Problem description
The output should match, line for line, the records from the line containing "Template for a" through the line containing "BT Speed.jpg", with every picture left out.

Data shown
▼▼▼

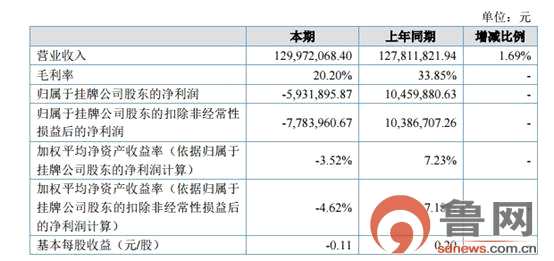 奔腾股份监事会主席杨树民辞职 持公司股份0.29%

▲▲▲
▼▼▼

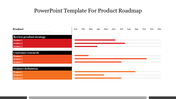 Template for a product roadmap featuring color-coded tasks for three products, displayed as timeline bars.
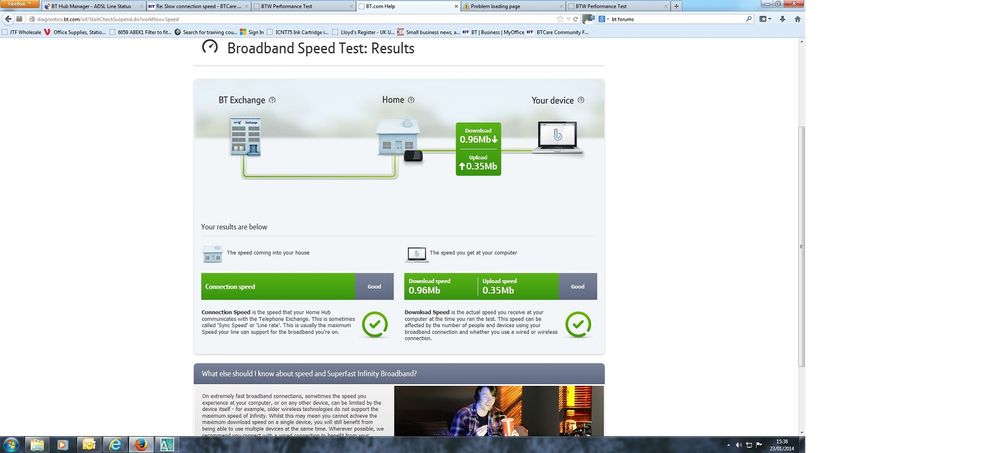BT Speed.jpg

▲▲▲
▼▼▼

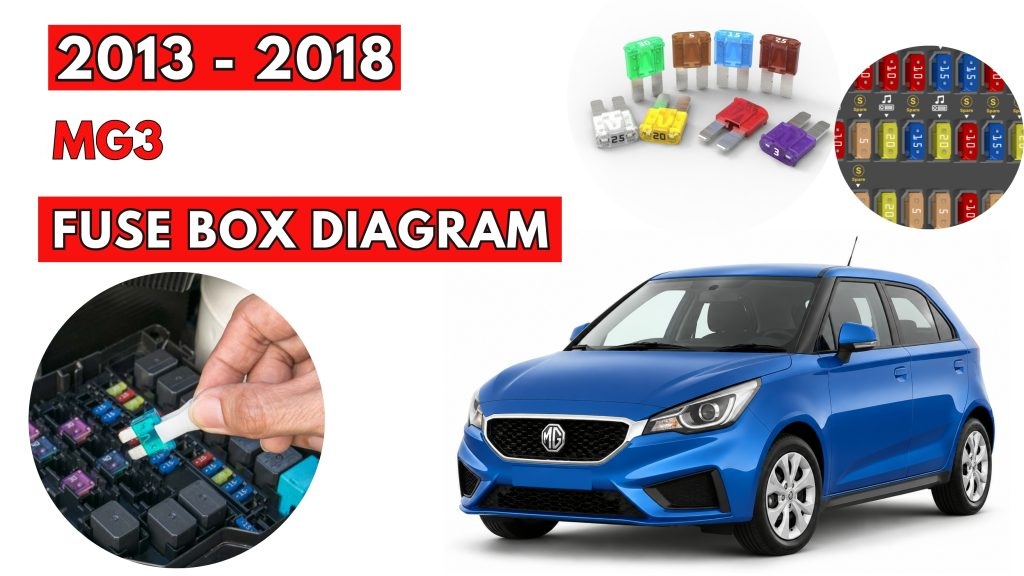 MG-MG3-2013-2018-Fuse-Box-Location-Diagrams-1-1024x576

▲▲▲

Answer to this task
 Template for a product roadmap featuring color-coded tasks for three products, displayed as timeline bars.
BT Speed.jpg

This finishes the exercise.